Es cierto que Sánchez en su discurso no ha llegado a calificar a la oposición cómo escuálida o golpista, ni se ha atrevido a llamar a su principal contrincante en el PP “frijolito”, expresiones que no casan con su personalidad y que de usarse tampoco tendrían la misma receptividad o sentido en el público español. Quizás, por esa razón, ha preferido echar mano de adjetivos más ortodoxos y de una estrategia de comunicación diferente, más sutil o quizá más elegante, depende de cómo se mire, al autocalificar a su gobierno y a toda la izquierda que lo acompaña de “progresistas”, es decir, de avanzados frente a una alternativa política que lo adversa que representaría todo lo contrario, a un pasado que el viento del progresismo socialista se llevó, al de los reaccionarios y fachas, síncopa este último término de fascistas, una palabra qué en nuestro mundo actual ha cobrado connotaciones que ya nada tienen que ver con el contenido ideológico que originó el fascismo en países como Alemania, Italia y la propia España.
Otro aspecto que señalábamos allí era el de la manipulación efectuada por Chávez de la constitución, de las instituciones y del Estado de derecho, en general, tema al que nos hemos referido en ocasiones anteriores y que lo llevó a pasar de ser el presidente de un gobierno que duraba cinco años en la constitución de 1961, y para el cual había sido electo inicialmente, a uno nuevo que duraba seis y le permitía una reelección inmediata en su constitución del año 1999, o lo que es lo mismo, a cambiar como lo hemos dicho tantas veces una presidencia de un quinquenio por una posible y más que posible presidencia de doce años, lapso que ampliaría en febrero del 2009, vía referendo, para justificar una reelección continua y hasta que aguantara cuerpo, que lo convirtiera en el nuevo Juan Vicente Gómez de la historia venezolana. Un método de adulteración que estoy convencido aprendió de Fujimori, el maestro, y que funciona tanto para los gobiernos de derecha como de izquierda, pero que en la Europa actual llena de gobiernos locales de tipo parlamentario no requiere, dadas sus particulares características, de maniobras tan burdas que modifiquen expresamente la letra del texto constitucional y que pueden reemplazarse con el simple apoderamiento o control de las instituciones, que es lo que ha puesto en práctica Sánchez en España, sin necesidad de hacerle enmiendas expresas a la letra constitucional.

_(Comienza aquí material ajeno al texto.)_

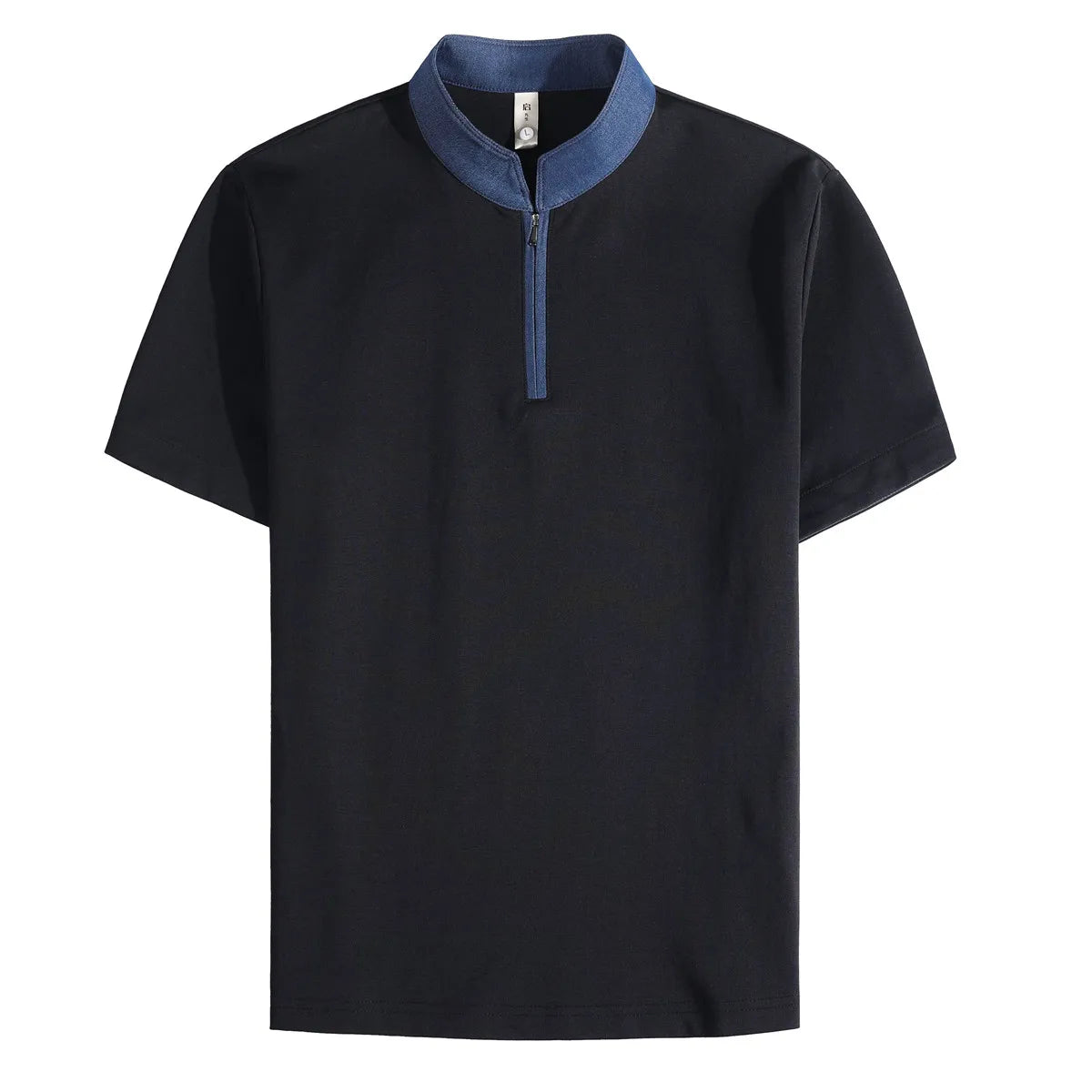 Camiseta masculina de verão com gola alta, moda meio zíper, pulôver, camisetas casuais, cor sólida, manga curta, slim fit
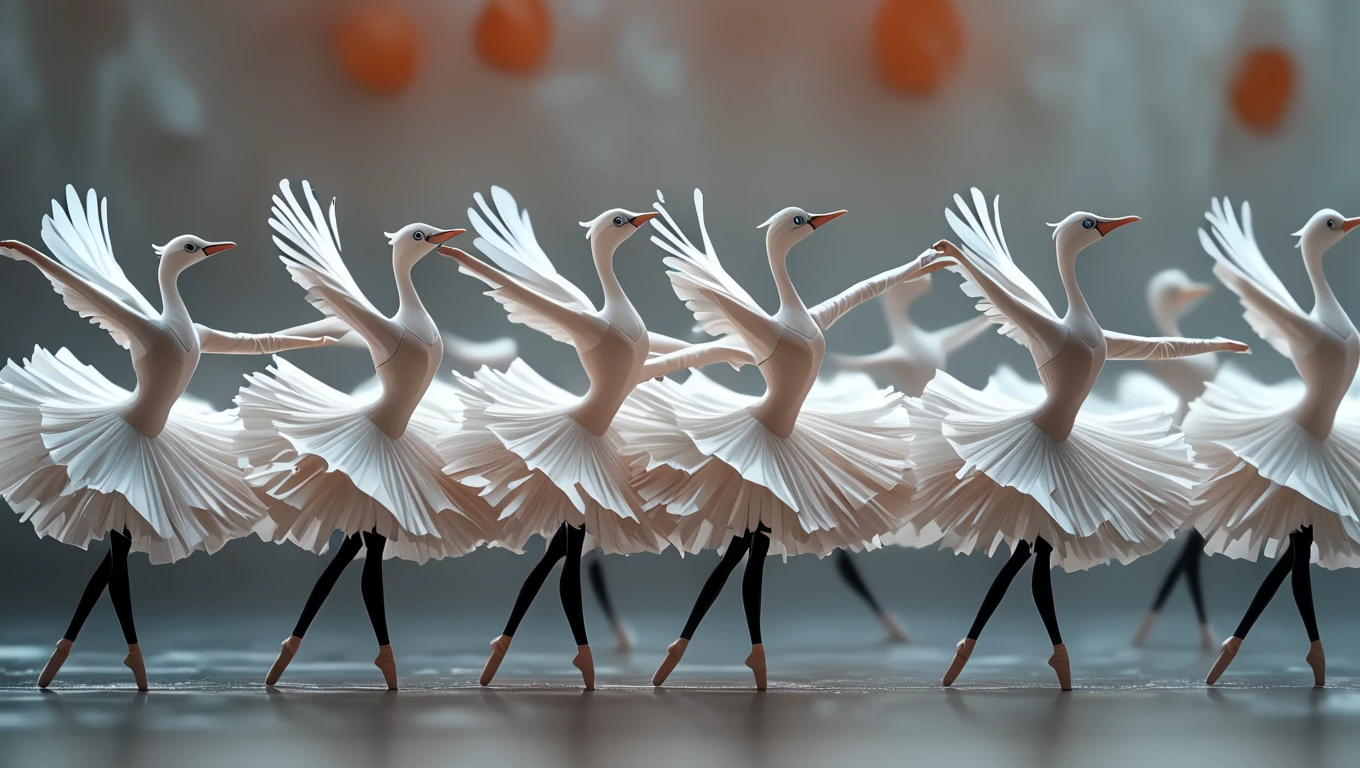 <lora:artfullyBALLETBIRDIES:1>, artblltbrds, tild shift, depth of field, ballet birds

Aunque con fines distintos también señalábamos en esa oportunidad el acercamiento y diálogo “amiguista” de ambos mandatarios con grupos creados al margen de la ley como las FARC o ETA, cuyo único objetivo es desestabilizar al Estado y a la sociedad, e incluso con organizaciones criminales constituidas para delinquir, qué pueden servir en un momento dado a los oscuros y pragmáticos objetivos de una envilecida agenda política populista y demagógica. Una especie de utilitarismo practicado en su particular beneficio mediante la proyección de una imagen de mediadores y protectores convenientes, incluso de socios electorales necesarios, que solo busca la armonía social, la paz de las naciones y el reencuentro entre los pueblos.
Pero no es por esas coincidencias en el discurso, en el manoseo de las leyes o en el hecho de jugar incluso con cartas marcadas cuando la situación lo exige, muestra de lo cual es su reciente investidura, que la España de Sánchez, más aún después de estos cuatro últimos años, se asemeja tanto a la Venezuela chavista. Se trata de un parecido que solo se logra como resultado de un estado de descomposición político-institucional, luego del abandono de los valores y principios que rigen a un gobierno democrático, cuando la moral bastarda sustituye a la ética principista y la autoridad de los jueces y de los cuerpos policiales es ignorada y vilipendiada por el propio gobierno. Cuando, en definitiva, los personalismos sustituyen a la ley y a las ideologías, y los absolutismos reaparecen en la historia, esta vez, sin corona o sin uniforme, vestidos de traje y corbata.